If I put it in a G3 chassis, I did (you say not now?) need at least one if not two hydraulic checks before use. I do still then need to find a G3 inspector with calibrated equipment annually for a steam test. Has that also changed?

If one takes away the superfluous hydraulic tests- and has the G3S advertised such a significant change? (Good, if it has) - the difference is no doubt manageable with current levels of members and inspectors. But the difference is tangible.
I cannot  use a G1 or 16mm member- or inspector- , or another G3 member,  even though one may be local to me, even if it's a boiler he is familiar with, and even if they are all covered by the same insurance.
I think the onus is on the author of a restriction (G3S) to explain why a restriction is in place, no matter how small. Or get rid of it.

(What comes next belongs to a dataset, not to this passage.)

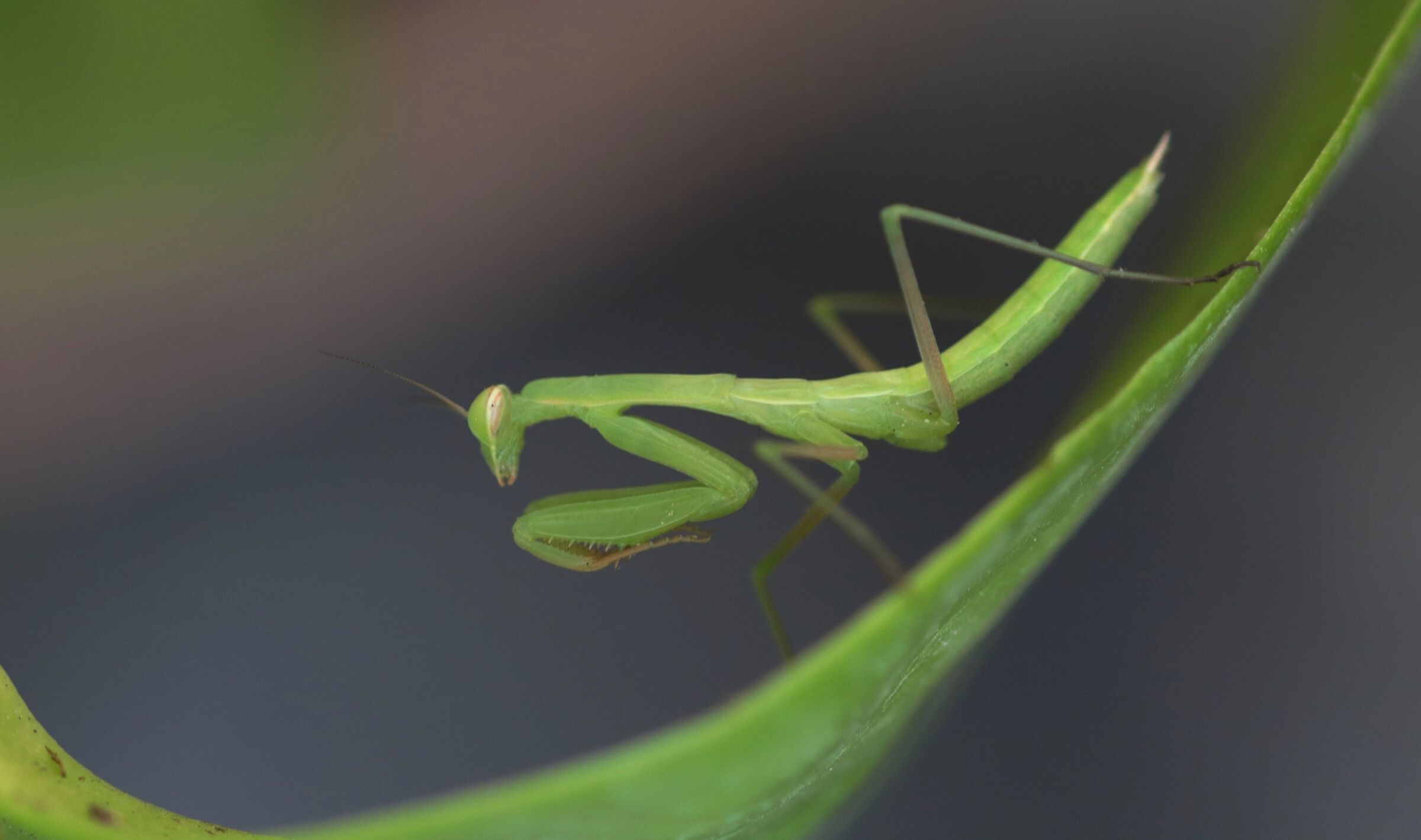 Mantis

To align Small boiler policy with the other two scenic organisations would allow access to a large pool of knowledge and make it easier to access annual inspections almost irrespective of membership levels. (Future proofing. Ugh). It would however, not prevent anyone from showing their boiler to an official each year if they wanted to, but nor would it mandate it to those who didn't. It changes nothing for large boilers. It changes nothing for anyone who wants to continue under a more restrictive regime, or who needs to to access an ME track, say.

So I see advantages but no disadvantage. Is there a reason? And I would not characterise the G1/16mm environment as an ill-disciplined mess, would you?

Yes, paperwork probably needs amending, but that is not difficult if everyone is singing from the same hymn sheet.

So in summary, I agree with you that the G1/16mm systems safely service large numbers of boilers. I agree with you the current G3 third way presumably works with the G3S at its current size.

What I do  question is why G3S  has invented a new system, one optimised  for small numbers rather than large, rather than align more directly with the other operators of similar/ identical Small boilers who operate under the same insurance criteria.

What makes the G3S system better? What was wrong with the established alternative?

It is not a sinister question, I would like to understand the answer.